Civil society organisations on Wednesday announced a People’s Tribunal on Economic Crime to be held in Johannesburg in November. The state’s not willing to act, but someone has to. Such tribunals have been successful before and this one could provide a record of evidence for future leaders to prosecute the corrupt. By GREG NICOLSON.
In 2000, civil society organisations across Asia convened a tribunal to hear testimony and offer a form of accountability to the women forced into sexual slavery by the Japanese Imperial Army in World War II.
In 2016, an international panel of judges, led by South Africa’s Justice Zak Yacoob, found that mass killings in Indonesia in 1965 perpetrated by military death squads were a crime against humanity and that governments in Australia, the United Kingdom and United States were complicit.
Both tribunals revealed important information on the atrocities. Neither was established by the governments in question.
In the same spirit, South African civil society organisations have established a people’s tribunal on economic crime in the country, with the first hearings to take place in Johannesburg in November. The organisers believe state institutions have failed to investigate allegations of corruption and state capture and that a record-gathering exercise that will take evidence and hear testimony will prove to be crucial to future efforts to hold those accused of economic crimes accountable.
The first hearings, to be held over five days, will focus on the arms trade. The tribunal has called for submissions on three issues related to the arms trade: alleged breaches of local and international laws by those who broke the arms embargo and helped bring weapons into South Africa between 1977 and 1994; breaches of the law by corporations and individuals in the 1999 Arms Deal; and, breaches of the law relating to the current workings of arms parastatal Denel and its role in state capture.
“The People’s Tribunal is organised by citizens, and is not a statutory body,” said a statement released on Wednesday. “Members of the public can submit evidence, which will be introduced and examined by a small team of evidence leaders.

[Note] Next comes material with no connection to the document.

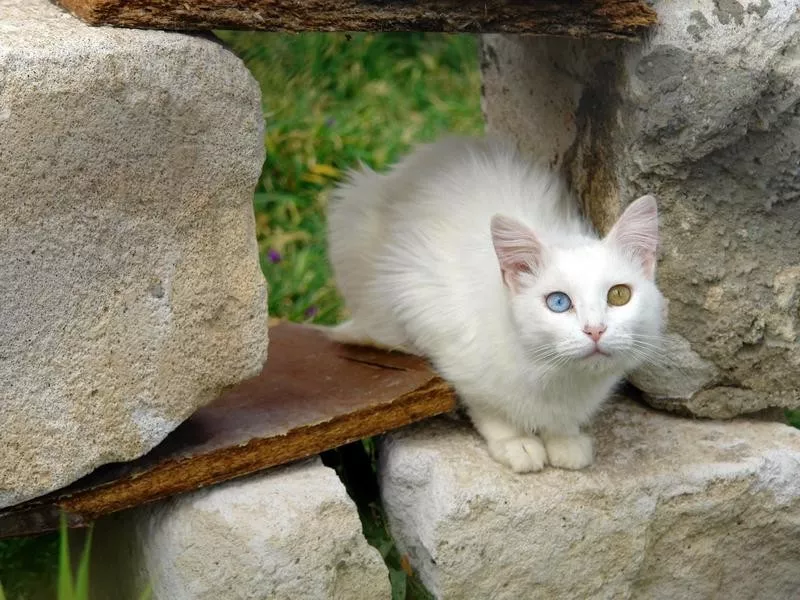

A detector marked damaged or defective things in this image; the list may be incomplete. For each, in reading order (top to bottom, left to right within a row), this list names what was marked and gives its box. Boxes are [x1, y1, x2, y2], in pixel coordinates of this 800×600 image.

rusty metal sheet [0, 324, 454, 540]
rusted metal edge [1, 378, 456, 536]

A panel of seven adjudicators will consider these submissions and make a written report that will be presented to the public.”

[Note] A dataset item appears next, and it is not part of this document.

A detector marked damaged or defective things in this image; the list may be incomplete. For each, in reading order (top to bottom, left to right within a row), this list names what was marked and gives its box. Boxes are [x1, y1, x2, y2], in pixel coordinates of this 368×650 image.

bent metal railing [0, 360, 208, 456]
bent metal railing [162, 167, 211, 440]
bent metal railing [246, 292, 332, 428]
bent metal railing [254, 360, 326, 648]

The deadline for submissions is 22 October and further information is available online.
The tribunal is being organised by a range of civil society organisations including Centre for Applied Legal Studies (CALS), Corruption Watch, Foundation for Human Rights, Open Secrets, Public Affairs Research Institute, Right2Know Campaign and the South African Council of Churches (SACC).

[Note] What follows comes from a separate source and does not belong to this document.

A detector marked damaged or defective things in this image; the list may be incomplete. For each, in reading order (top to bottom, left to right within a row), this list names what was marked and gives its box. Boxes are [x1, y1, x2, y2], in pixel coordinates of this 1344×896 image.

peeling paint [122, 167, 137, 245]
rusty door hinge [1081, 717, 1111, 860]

Michael Marchant from Open Secrets, which has recently published a series in Daily Maverick on apartheid corruption, said it was necessary to join the dots between past and present corruption. He argued that the only way to understand the present malfeasance in government was to draw the historical links, through evidence, to apartheid-era corruption.
There is a need to explain what is happening now and how we got here, explained Marchant.
Hennie van Vuuren, who is the director of Open Secrets and recently authored Apartheid, Guns and Money: A Tale of Profit, said the tribunal will try to fill in some of the gaps in the tale of state failure.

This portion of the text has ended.